Flusso luminoso (lumen)

Il flusso luminoso è la quantità di luce emessa da una certa sorgente o apparecchio di illuminazione. L’efficienza luminosa è il rapporto tra il flusso luminoso e la potenza elettrica assorbita (lm/W): più è alto questo rapporto e più l’economicità della sorgente luminosa è alta. L’unità di misura del flusso luminoso è il Lumen (lm).

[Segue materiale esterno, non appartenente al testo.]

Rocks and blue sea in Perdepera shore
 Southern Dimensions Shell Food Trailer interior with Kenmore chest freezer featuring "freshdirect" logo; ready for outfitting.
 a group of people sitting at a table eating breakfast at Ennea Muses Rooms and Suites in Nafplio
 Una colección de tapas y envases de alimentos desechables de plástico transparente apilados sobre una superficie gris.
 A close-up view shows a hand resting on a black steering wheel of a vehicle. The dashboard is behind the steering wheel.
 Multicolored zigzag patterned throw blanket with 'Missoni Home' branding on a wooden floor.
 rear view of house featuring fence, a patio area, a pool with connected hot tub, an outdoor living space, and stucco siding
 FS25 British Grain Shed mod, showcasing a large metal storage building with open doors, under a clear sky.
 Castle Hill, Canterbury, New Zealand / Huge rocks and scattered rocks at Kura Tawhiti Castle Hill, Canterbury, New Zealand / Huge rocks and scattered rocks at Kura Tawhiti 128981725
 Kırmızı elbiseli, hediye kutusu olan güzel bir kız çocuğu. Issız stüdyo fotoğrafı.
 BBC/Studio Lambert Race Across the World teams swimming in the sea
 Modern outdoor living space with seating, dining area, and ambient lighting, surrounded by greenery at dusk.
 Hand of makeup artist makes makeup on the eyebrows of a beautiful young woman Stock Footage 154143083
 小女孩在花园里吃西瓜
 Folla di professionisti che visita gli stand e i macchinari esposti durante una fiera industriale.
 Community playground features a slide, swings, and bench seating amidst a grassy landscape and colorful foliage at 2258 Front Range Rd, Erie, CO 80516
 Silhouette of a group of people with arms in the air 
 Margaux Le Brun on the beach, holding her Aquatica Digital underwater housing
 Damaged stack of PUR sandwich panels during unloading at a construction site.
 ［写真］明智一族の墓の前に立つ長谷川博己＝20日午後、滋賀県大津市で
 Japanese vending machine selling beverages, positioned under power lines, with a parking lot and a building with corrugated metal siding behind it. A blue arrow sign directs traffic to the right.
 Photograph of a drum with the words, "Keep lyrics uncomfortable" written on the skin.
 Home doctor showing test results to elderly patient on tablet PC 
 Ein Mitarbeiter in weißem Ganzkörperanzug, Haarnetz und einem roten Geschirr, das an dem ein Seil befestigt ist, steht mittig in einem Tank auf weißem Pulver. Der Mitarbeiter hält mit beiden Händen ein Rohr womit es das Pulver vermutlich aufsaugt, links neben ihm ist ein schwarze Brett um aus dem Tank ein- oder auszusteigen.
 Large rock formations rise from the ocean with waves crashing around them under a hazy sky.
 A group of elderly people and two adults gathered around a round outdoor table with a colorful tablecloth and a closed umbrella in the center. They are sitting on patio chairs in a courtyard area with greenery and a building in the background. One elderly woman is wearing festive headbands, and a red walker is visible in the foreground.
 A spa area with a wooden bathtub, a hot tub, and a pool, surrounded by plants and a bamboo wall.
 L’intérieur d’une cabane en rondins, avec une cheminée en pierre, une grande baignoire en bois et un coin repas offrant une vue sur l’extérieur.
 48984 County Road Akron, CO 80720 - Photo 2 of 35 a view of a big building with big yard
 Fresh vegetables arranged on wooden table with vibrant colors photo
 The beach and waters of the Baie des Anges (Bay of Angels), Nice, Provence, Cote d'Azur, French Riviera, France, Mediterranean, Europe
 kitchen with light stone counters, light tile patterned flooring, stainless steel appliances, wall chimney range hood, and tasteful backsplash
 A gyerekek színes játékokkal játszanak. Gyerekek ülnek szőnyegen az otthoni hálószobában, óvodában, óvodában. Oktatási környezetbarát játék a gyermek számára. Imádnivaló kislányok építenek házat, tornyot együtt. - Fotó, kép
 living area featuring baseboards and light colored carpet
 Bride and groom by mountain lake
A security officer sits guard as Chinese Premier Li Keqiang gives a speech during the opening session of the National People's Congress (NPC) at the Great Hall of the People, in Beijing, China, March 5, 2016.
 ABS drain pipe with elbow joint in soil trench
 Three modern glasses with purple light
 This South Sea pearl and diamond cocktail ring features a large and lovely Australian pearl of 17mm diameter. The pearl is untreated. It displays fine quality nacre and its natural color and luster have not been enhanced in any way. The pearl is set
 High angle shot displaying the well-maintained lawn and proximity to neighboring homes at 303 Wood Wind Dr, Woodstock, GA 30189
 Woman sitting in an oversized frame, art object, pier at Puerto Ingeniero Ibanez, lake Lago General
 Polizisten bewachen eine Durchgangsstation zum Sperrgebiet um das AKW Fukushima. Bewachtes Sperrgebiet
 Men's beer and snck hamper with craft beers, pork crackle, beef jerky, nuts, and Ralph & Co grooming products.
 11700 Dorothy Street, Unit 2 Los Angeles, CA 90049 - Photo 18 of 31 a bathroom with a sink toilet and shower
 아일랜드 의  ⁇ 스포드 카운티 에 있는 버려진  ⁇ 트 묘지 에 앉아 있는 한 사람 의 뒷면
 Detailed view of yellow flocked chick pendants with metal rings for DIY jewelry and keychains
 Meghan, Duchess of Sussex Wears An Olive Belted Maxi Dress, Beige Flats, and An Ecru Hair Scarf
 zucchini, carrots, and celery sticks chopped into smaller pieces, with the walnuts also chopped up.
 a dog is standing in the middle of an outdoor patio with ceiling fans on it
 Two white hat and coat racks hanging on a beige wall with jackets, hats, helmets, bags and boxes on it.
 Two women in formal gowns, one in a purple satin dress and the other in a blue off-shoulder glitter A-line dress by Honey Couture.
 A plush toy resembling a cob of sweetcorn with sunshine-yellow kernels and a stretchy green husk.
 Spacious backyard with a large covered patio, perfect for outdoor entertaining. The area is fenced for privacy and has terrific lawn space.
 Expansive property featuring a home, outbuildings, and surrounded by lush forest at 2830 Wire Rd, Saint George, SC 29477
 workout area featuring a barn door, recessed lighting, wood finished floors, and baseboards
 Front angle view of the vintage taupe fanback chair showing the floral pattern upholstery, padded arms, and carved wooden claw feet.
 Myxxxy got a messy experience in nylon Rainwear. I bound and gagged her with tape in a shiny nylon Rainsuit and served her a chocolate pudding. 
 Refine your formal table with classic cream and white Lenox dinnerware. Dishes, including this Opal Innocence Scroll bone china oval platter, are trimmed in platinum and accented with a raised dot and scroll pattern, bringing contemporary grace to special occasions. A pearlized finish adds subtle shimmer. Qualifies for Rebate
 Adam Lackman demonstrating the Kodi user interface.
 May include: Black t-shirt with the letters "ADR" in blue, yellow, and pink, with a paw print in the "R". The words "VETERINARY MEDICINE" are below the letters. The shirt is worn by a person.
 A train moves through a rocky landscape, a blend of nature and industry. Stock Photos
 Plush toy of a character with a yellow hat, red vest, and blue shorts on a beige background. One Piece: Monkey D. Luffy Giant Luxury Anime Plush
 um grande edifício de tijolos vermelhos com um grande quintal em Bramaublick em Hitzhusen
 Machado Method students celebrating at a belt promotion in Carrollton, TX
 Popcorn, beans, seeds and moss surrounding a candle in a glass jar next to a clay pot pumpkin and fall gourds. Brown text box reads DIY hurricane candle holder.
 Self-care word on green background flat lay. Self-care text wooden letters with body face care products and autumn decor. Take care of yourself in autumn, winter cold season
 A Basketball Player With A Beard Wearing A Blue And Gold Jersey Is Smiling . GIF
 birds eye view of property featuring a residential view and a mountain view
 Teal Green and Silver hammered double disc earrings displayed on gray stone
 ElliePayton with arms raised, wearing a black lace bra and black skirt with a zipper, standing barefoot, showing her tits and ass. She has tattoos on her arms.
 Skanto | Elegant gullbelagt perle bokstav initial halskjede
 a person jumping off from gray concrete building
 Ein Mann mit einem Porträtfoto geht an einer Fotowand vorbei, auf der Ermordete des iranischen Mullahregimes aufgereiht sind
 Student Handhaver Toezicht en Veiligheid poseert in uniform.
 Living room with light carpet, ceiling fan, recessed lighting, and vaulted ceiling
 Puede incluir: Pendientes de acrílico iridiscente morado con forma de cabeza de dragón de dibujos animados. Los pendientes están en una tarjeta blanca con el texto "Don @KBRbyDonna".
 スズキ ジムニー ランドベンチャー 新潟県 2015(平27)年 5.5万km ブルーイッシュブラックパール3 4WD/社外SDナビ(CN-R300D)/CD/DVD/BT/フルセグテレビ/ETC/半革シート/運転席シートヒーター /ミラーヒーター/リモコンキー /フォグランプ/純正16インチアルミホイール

Intensità luminosa (candela)

L’intensità luminosa è la quantità di luce emessa in una certa direzione. Essa dipende in buona parte dagli elementi che guidano la luce, come ad esempio i riflettori. Il grafico che la rappresenta si chiama curva fotometrica (LVK). L’intensità luminosa si misura in Candele (cd).

Illuminamento (lux)

L’illuminamento è la quantità di flusso luminoso che incide su una superficie. La sua diminuzione è pari al quadrato della distanza. Gli illuminamenti necessari sono descritti dalle normative in materia (ad es. la EN 12464 è relativa alla “Illuminazione di posti di lavoro”).
Illuminamento: E(lx) = flusso luminoso (lm) / superficie (m2).
L’illuminamento viene misurato in Lux (lx) che è anche l’unità di misura più utile per la progettazione di un adeguato impianto di illuminazione insieme alla distribuzione ed omogeneità dell’illuminamento che è il rapporto tra l’illuminamento minimo registrato sulla superficie di lavoro (Emin) e quello medio registrato sulla stessa superficie (Emed): più è alto questo rapporto tanto più la distribuzione del flusso luminoso sarà omogeneo e dunque ci saranno meno zone di ombra.

Luminanza (cd/m2)
La luminanza è l’unica grandezza fotometrica percepita dagli occhi. Consiste nell’impressione di brillanza di una certa superficie ed è fortemente legata al suo indice di riflessione (tipo di superficie e colore).
Unità di misura: cd/m2.



REQUISITI QUALITATIVI DELL’ILLUMINAZIONE

Un buon impianto di illuminazione deve avere i parametrici illuminotecnici corretti per la situazione alla quale è destinato – parametri generalmente previsti dalla norme internazionali (EN 12464) – in modo che possa rispettare anche alcuni requisiti qualitativi, quali ad esempio:

– Limitazione dell’abbagliamento
– Buona ombreggiatura
– Giusta colorazione
– Assenza di riflessioni
– Brillanze distribuite armoniosamente
– Sufficiente livello d’illuminazione
– Resa cromatica adeguata
– Cambiamento delle situazioni di luce
– Variazioni individuali
– Efficienza energetica
– Integrazione della luce diurna
– Luce come elemento caratterizzante dell’ambiente

E’ per questo che sarà necessario affidarsi ad operatori qualificati nella progettazione di un impianto di illuminazione e valutare tutti i vantaggi che possono derivare dall’utilizzo della tecnologia a LED in termini di efficienza, flessibilità e sensazione di piacevolezza: tali requisiti porranno le basi per un ambiente di lavoro, o anche di svago e relax, caratterizzato da un elevato confort visivo e psichico che a sua volta sarà propedeutico a livelli di produttività migliori e predisporranno in maniera positiva l’utente di un servizio.